Mas o poeta que conhece “múltiplas formas de comer um figo” vai mais longe do que Lawrence e pensa também na figueira. Primeiro, os figos - mas poderia ser “a mulher da fotografia avançando até ao fim do molhe”, ou um homem encostado "à porta do palheiro", ou ainda, e sempre, a presença obsessiva do mar, do litoral, ou mesmo a visão das "ruas cheias de gente" de uma cidade qualquer - as coisas mais simples, portanto, como matéria impura que o poeta recolhe dos dias que passam.
Depois, “a árvore” que lhe “agarra a alma com os seus ramos ásperos” que o poeta afasta, "a mão transformada num prolongamento da figueira”. A mesma mão com que o poeta traça “o ângulo da frase”, que mostra as coisas mais simples, assim como o seu avesso, ou a sua transcendência, porque “o que é simples também pode ser o/ seu contrário”.
A mesma matéria impura que se estilhaça em “mil pedaços pelo chão” como um espelho quebrado da realidade que irrompe no poema, literal e figuradamente, inscrevendo um paradigma narrativo através do qual o prosaico invade o poético. Agora a mão do poeta afasta os ramos da figueira e atravessa a “fronteira de vida rasgada pelas coisas”. Dos mil pedaços em que o espelho partido reflecte as coisas mais simples, solta-se “um sopro metafísico” que empurra o poema ao encontro da sua substância mais profunda e o impede de ganhar “a ferrugem do tempo”. Na casa do poeta cresce o deslumbramento diante de coisas tão simples como os figos do quintal ou “a mulher da fotografia” - o quotidiano irrompendo furtivamente no poema para logo ser desfocado, transfigurado, através da alegoria, do devaneio.
“O tronco da figueira/ [é agora um] corpo de mulher nua; […] e o figo que o poeta tem na mão [fá-lo] sentir os seus seios macios”; há também a intertextualidade que o poeta convoca desde a sua biblioteca numa busca da essencialidade poética – D. H. Lawrence, Shelley, os poetas gregos. Há um trabalho sobre a história; há navegações errantes, partidas e chegadas, regressos, há um “conceito de paisagem” e uma “imagem da cidade por entre as ruas cheias de gente”.

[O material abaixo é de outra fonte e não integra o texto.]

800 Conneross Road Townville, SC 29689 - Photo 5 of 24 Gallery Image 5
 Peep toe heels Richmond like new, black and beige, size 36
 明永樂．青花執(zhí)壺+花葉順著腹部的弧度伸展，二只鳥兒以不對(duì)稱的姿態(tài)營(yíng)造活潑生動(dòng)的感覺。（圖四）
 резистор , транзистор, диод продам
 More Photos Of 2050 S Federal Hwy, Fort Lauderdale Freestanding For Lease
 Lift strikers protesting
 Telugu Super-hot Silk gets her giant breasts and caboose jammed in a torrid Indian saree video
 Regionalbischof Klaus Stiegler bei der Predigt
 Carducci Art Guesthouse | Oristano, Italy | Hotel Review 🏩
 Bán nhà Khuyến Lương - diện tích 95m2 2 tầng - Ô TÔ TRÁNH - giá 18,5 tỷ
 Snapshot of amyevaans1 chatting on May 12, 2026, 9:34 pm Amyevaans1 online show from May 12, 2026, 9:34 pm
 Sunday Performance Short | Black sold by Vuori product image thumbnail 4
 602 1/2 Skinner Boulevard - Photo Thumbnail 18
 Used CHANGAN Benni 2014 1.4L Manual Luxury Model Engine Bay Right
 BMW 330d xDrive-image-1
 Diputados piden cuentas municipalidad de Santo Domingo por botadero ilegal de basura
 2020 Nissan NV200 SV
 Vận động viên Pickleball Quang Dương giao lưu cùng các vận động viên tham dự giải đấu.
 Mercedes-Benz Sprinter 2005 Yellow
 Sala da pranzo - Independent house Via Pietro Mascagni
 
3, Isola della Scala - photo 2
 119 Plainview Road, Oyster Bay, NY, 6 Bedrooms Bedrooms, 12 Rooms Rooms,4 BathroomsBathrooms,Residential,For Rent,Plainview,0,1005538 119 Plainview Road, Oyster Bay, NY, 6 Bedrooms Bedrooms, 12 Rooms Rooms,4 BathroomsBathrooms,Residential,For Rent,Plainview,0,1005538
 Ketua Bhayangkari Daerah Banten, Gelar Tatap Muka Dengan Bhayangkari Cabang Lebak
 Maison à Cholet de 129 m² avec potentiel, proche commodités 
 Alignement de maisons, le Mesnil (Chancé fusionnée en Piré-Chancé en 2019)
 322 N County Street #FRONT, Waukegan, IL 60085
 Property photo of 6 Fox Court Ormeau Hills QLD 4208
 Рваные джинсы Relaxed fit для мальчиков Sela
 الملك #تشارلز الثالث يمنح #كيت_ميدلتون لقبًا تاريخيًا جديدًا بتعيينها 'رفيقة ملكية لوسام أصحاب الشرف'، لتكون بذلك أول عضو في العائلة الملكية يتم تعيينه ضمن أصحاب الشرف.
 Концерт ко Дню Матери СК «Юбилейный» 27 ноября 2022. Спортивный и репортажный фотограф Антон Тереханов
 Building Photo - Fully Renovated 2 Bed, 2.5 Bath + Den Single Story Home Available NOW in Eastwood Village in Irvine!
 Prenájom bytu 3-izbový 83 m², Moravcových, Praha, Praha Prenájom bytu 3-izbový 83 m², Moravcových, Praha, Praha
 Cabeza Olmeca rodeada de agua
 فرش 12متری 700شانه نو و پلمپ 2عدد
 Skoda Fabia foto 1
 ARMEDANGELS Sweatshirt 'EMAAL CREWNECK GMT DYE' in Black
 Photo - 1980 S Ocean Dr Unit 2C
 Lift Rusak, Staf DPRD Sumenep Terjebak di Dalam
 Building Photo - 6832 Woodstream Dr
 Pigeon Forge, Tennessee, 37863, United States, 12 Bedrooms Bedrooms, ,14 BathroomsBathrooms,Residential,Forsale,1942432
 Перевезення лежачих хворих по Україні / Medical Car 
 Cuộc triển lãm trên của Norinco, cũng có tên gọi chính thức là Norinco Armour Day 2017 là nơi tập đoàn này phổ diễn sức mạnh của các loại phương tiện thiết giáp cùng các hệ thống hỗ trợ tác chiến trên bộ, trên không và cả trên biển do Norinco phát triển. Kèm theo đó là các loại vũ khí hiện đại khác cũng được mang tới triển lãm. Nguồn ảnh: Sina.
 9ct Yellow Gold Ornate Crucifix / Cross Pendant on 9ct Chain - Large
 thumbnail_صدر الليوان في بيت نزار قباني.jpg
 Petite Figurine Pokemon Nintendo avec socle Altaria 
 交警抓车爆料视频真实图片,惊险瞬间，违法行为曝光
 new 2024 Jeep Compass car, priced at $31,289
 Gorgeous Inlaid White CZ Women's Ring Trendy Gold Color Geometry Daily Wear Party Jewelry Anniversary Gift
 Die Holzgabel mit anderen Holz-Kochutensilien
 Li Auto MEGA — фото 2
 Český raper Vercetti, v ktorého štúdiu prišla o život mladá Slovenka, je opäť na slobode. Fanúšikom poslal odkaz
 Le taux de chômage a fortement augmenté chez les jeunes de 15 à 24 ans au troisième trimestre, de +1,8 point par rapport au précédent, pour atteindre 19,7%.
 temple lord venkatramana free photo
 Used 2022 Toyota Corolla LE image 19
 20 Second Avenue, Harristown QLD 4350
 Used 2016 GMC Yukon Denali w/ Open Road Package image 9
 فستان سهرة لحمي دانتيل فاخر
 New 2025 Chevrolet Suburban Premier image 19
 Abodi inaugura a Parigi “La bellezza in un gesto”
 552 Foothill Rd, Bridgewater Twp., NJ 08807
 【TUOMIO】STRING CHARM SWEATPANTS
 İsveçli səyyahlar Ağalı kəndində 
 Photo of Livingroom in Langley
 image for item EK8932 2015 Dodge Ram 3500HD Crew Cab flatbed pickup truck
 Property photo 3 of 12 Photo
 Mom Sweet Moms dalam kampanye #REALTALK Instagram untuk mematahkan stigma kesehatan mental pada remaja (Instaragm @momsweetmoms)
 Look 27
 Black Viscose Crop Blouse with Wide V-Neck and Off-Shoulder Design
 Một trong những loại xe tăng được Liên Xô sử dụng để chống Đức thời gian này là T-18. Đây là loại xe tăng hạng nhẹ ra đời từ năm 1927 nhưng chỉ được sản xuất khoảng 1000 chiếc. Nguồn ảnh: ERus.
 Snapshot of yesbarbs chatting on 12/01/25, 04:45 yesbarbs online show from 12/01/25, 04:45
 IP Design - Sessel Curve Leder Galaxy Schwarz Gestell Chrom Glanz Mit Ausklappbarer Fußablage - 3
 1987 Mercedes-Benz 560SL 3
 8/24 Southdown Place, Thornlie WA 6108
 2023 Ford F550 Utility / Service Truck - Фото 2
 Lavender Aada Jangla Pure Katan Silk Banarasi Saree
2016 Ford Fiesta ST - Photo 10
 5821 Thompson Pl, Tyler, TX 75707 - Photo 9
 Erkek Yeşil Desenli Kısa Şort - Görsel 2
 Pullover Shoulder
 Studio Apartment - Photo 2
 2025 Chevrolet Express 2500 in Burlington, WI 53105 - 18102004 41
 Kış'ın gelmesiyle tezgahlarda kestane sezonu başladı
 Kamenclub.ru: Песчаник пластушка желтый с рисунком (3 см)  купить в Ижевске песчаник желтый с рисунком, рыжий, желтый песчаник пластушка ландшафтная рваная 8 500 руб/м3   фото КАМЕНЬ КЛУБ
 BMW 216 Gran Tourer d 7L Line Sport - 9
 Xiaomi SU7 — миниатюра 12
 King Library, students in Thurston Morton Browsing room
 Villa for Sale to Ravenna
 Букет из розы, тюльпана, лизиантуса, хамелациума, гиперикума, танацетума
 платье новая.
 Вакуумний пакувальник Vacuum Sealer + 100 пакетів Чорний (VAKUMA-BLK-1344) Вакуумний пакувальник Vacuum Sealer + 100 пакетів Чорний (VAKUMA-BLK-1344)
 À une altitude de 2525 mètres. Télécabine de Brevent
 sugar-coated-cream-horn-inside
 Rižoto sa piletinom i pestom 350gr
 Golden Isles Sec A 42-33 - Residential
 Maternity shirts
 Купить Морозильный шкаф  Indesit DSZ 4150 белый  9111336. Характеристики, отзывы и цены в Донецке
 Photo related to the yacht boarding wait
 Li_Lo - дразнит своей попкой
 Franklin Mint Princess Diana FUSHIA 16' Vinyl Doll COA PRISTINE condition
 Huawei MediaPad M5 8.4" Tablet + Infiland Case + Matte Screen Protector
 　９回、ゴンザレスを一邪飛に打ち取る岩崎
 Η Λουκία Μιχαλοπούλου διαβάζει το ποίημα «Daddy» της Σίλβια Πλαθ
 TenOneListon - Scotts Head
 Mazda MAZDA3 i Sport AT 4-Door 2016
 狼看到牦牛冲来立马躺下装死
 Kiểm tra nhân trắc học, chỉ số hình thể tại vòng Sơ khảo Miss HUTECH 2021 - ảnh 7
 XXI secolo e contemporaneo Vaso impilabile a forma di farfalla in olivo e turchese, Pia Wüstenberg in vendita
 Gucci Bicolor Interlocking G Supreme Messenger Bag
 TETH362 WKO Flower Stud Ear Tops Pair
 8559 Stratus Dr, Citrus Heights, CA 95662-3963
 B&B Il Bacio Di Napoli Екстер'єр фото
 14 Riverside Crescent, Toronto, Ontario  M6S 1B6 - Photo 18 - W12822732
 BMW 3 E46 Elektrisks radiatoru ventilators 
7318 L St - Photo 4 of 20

Na casa da Mexilhoeira Grande, Nuno Júdice escreve um livro "à luz do apocalipse,/ as primeiras linhas do ocaso": descrições, narrações, personagens, memórias, odes, uma carta. O livro chama-se As coisas mais simples e foi escrito com os cinco sentidos mais um, aquele que só os verdadeiros poetas têm. Na curva da noite, arrumo as páginas do livro que o poeta escreveu. “Limito-me a deixar tudo no seu lugar" - a figueira, a fotografia, a biblioteca do poeta - "como se nunca aqui tivesse entrado, e volto a sair,/ pela abertura redonda, para a grande praia do poema” onde tudo recomeça.